**** RECORDED INFORMATION

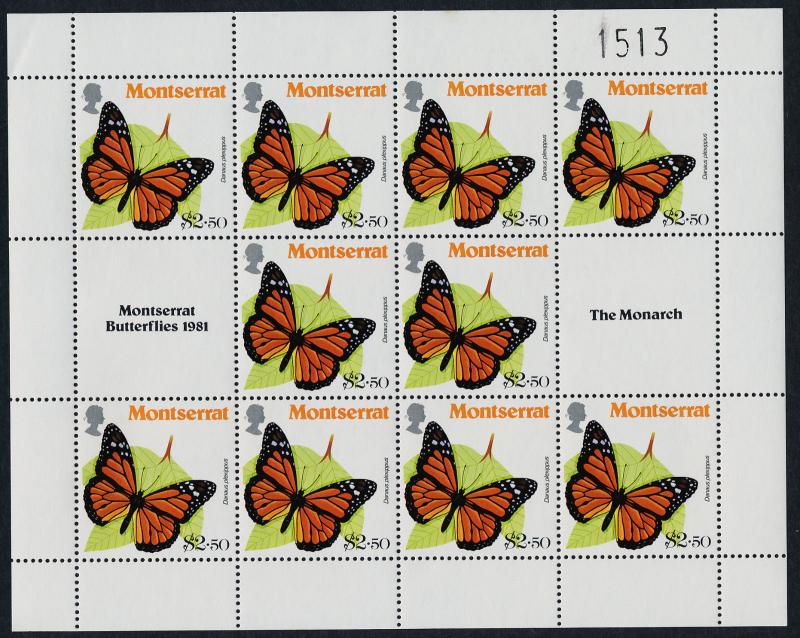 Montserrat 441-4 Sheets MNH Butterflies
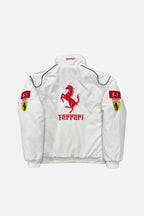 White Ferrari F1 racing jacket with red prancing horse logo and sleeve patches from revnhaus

********
**** RECORDED INFORMATION

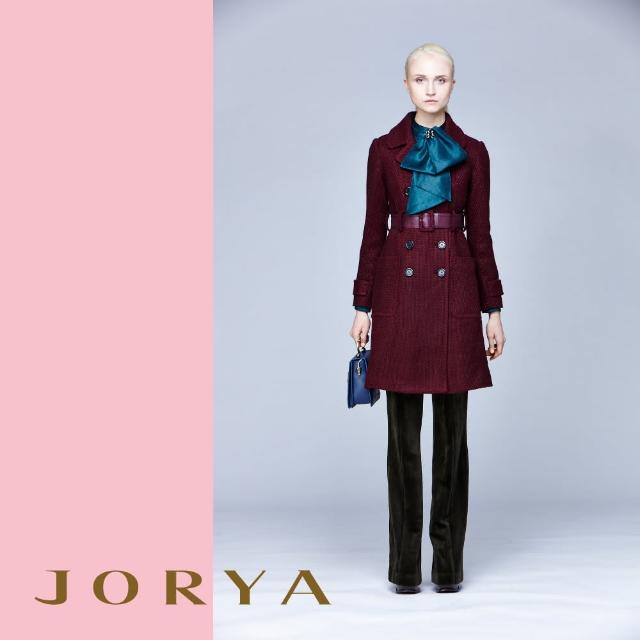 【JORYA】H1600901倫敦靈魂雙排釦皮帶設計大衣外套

********

Copy the listing above exactly, but only from the line with "Montserrat 441-4 Sheets MNH Butterflies" through the line with "White Ferrari F1", including those two lines and excluding any picture.

 Montserrat 441-4 Sheets MNH Butterflies
 White Ferrari F1 racing jacket with red prancing horse logo and sleeve patches from revnhaus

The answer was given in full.